For sources and targets with multi-byte Locale encodings, the byte sequence of the converted field separator must not occur as part of another multi-byte character. For example, for Japanese locales, the set of valid separator characters are:

  • Japanese Shift-JIS: 0x00 – 0x3F
  • Japanese EUC: 0x00 – 0x7F

Record Layout

Use the LAYOUT clause to designate the record layout that defines the fields of the records supplied through the pipe.

Fields in a record layout cannot be referenced until the record layout is associated with the input pipe.

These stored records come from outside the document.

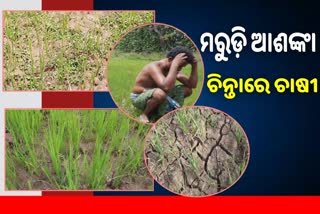 ଅନୁଗୋଳରେ ମରୁଡି ସ୍ଥିତି, ବିକଳ୍ପ ଚାଷ ଯୋଜୋନାରେ କୃଷି ବିଭାଗ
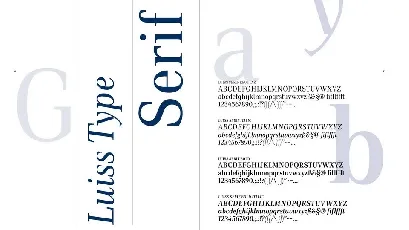 Luiss font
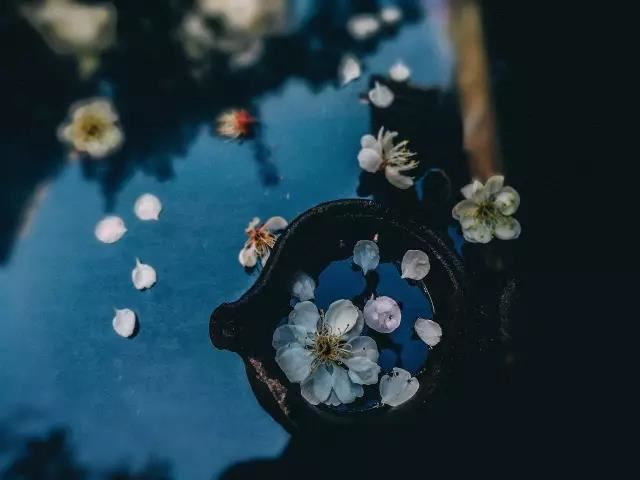 女人梦见好多小蛇代表啥，女人梦见小蛇是什么预兆？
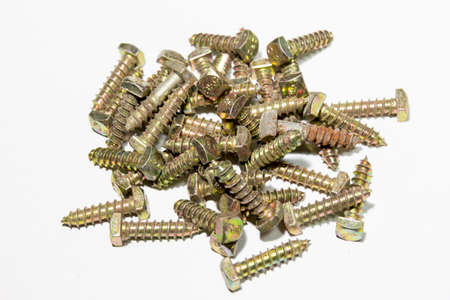 Gold screw on white background  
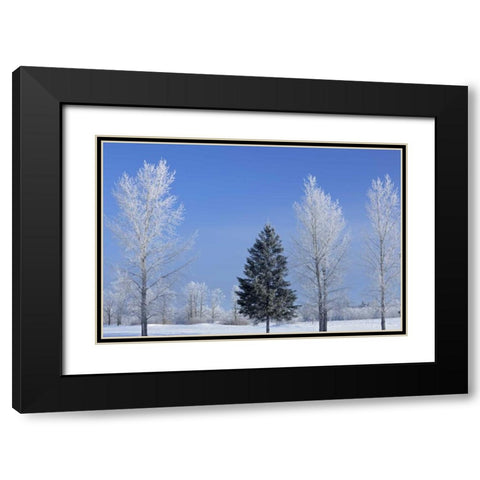 Canada, Birds Hill PP Trees covered in hoarfrost Black Modern Wood Framed Art Print with Double Matting by Grandmaison, Mike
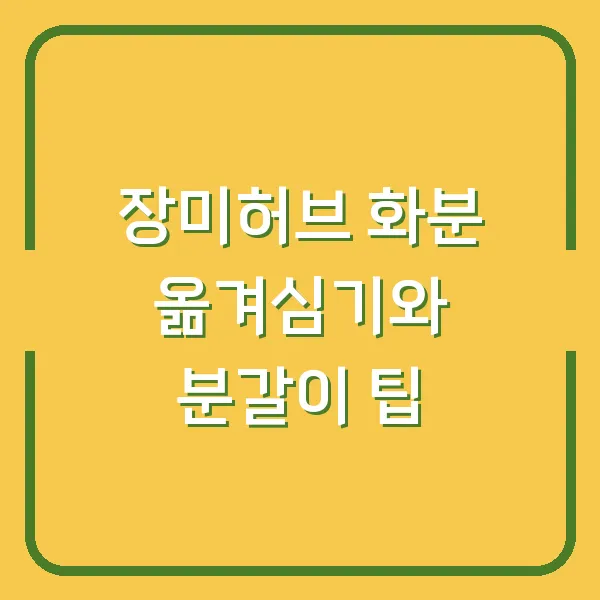 장미허브 화분 옮겨심기와 분갈이 팁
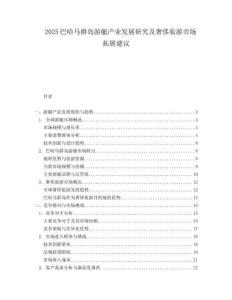 2025巴哈马群岛游艇产业发展研究及奢侈旅游市场拓展建议.docx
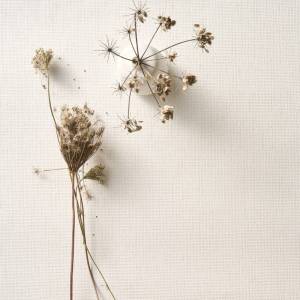 Papier peint Purity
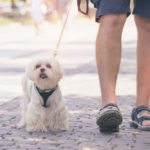 Best Harness for Maltese: Top Picks, Buying Guide with Tips & Reviews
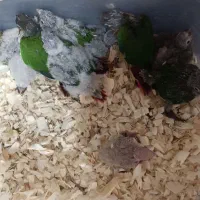 جوجه گرینچیک.کوتوله|پرنده|مشهد, شهید آوینی|دیوار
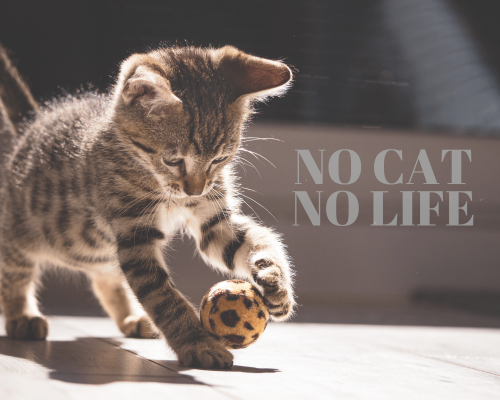 ニャンニャンニャンの「猫の日」🐈 アイキャッチ画像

The specification of multiple record layout names are supported with the /INPIPE option; however, one and only one fixed position record layout must be specified for an input pipe of type MAINFRAME FTPBINARY.

Pipe Alias

When you wish to include or omit records based on which source they originate from, you must give aliases to some or all of the sources. For an /INPIPE option, this alias is simply a shorthand way of referring to the input pipe. You then code the alias as part of a comparison in a /CONDITION definition.

Compressed Pipes

dmexpress accepts bzip2 and gzip compressed source data. The bzip2 format is defined at http://www.bzip.org; the gzip format is described in RFC 1952.

Compatibility with Other dmexpress Options

Per source record limiting criteria, which is specified through the FDISCARDSHORT, FDISCARDFIRST, FDISCARDBLANK, FDISCARDAFTER option arguments in the /INPIPE option, cannot be specified in the same task definition that specifies general bulk filtering for source records through the DISCARDSHORT, DISCARDFIRST, DISCARDBLANK, DISCARDAFTER option arguments in the /FILTER option.

Examples

/inpipe sort1_pipe stlf

The option specifies that the input records coming from the pipe sort1_pipe are UNIX text (LF-terminated) records.

/inpipe trans_data alias transactions variable layout trans 

This option assigns an alias, transactions, to the input pipe trans_data. The pipe contains variable length records. Fields in the records are described by record layout trans.

/inpipe sorted_delim_data stlf fieldseparator "," enclosedby """"

The records supplied through the sorted_delim_data pipe are UNIX text (LF record terminator) records with enclosed delimited fields. The comma (,) is used as the field separator and the double quote (") is used as the leading and trailing enclosing character.